■ What to produce: Return the data below unaltered, but strip out the pictures.

■ Entries shown:

--- START ---

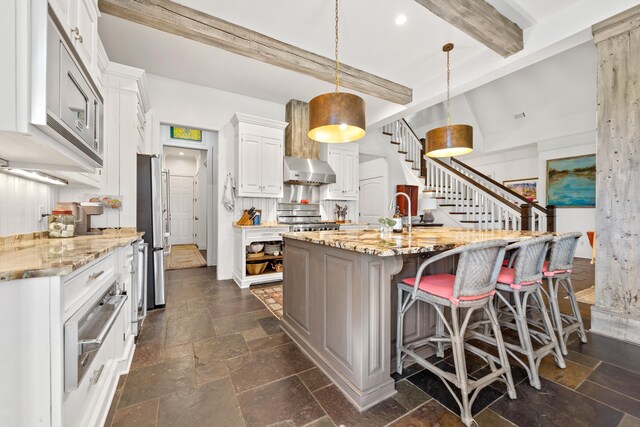 112 Arbors Ln, Eatonton, GA 31024 - kitchen with beam ceiling, stone tile floors, white cabinetry, stove, and range hood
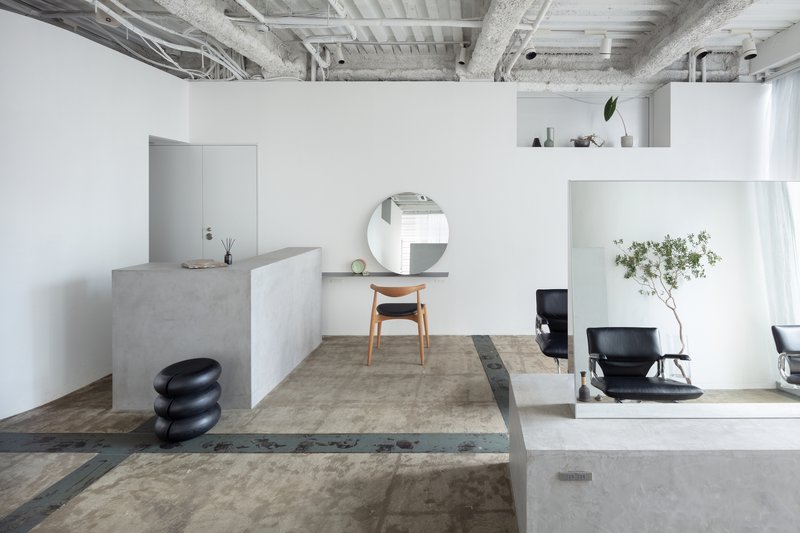 Split-level interior with concrete platforms and exposed ceiling beams under diffused daylight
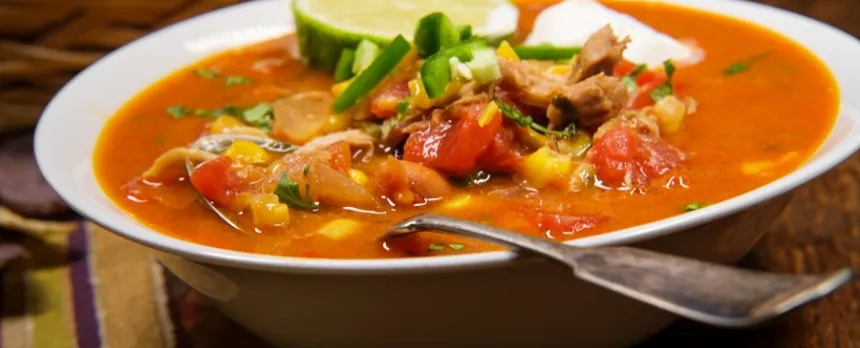 tex mex soup in bowl with chicken corn and black beans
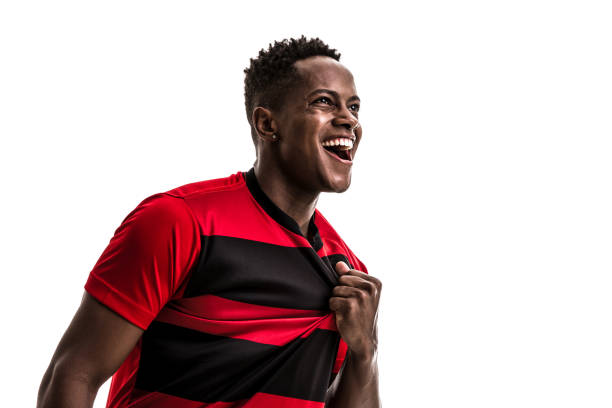 istock Fan / Sport Player on red and black uniform celebrating on white background 872153882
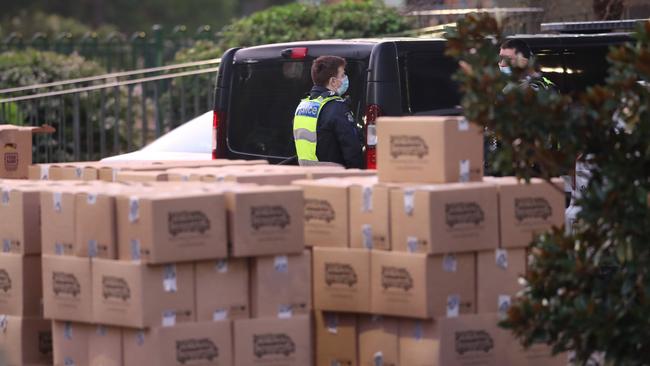 Boxes of supplies outside the locked down towers on Racecourse Road. Picture: David Crosling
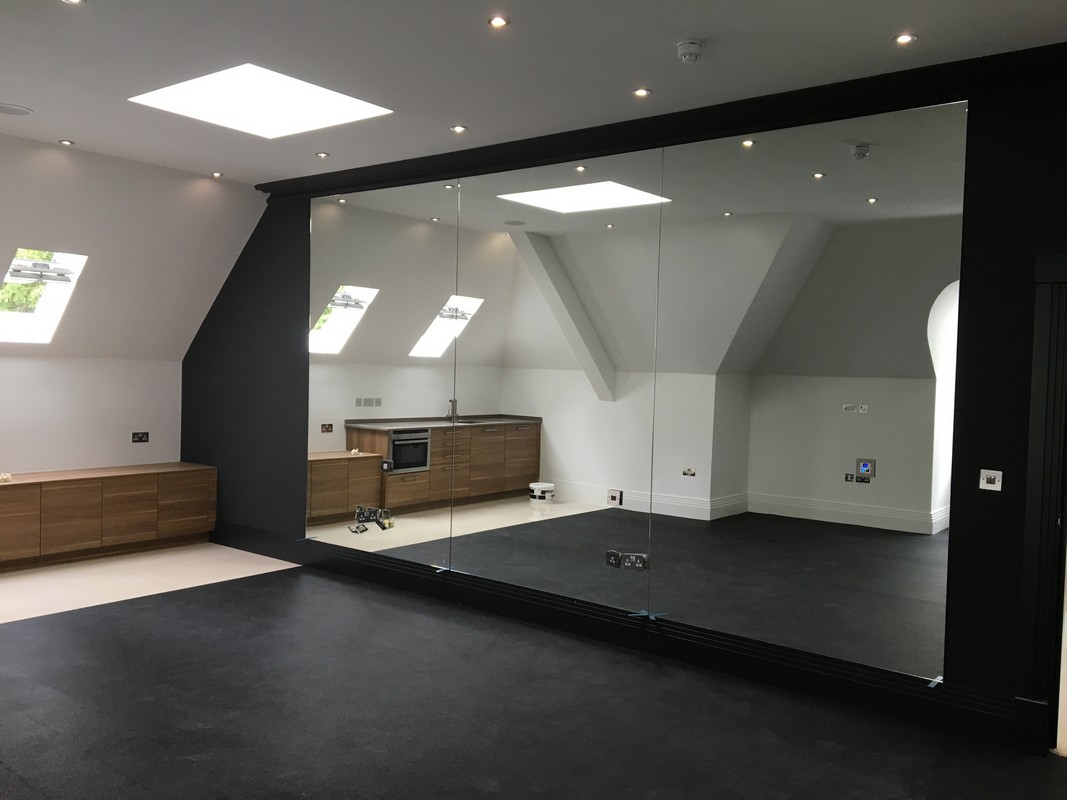Frameless glass wall dividing loft conversion in Ascot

--- END ---

■ Answer for this exercise:
 112 Arbors Ln, Eatonton, GA 31024 - kitchen with beam ceiling, stone tile floors, white cabinetry, stove, and range hood
 Split-level interior with concrete platforms and exposed ceiling beams under diffused daylight
 tex mex soup in bowl with chicken corn and black beans
 istock Fan / Sport Player on red and black uniform celebrating on white background 872153882
 Boxes of supplies outside the locked down towers on Racecourse Road. Picture: David Crosling
Frameless glass wall dividing loft conversion in Ascot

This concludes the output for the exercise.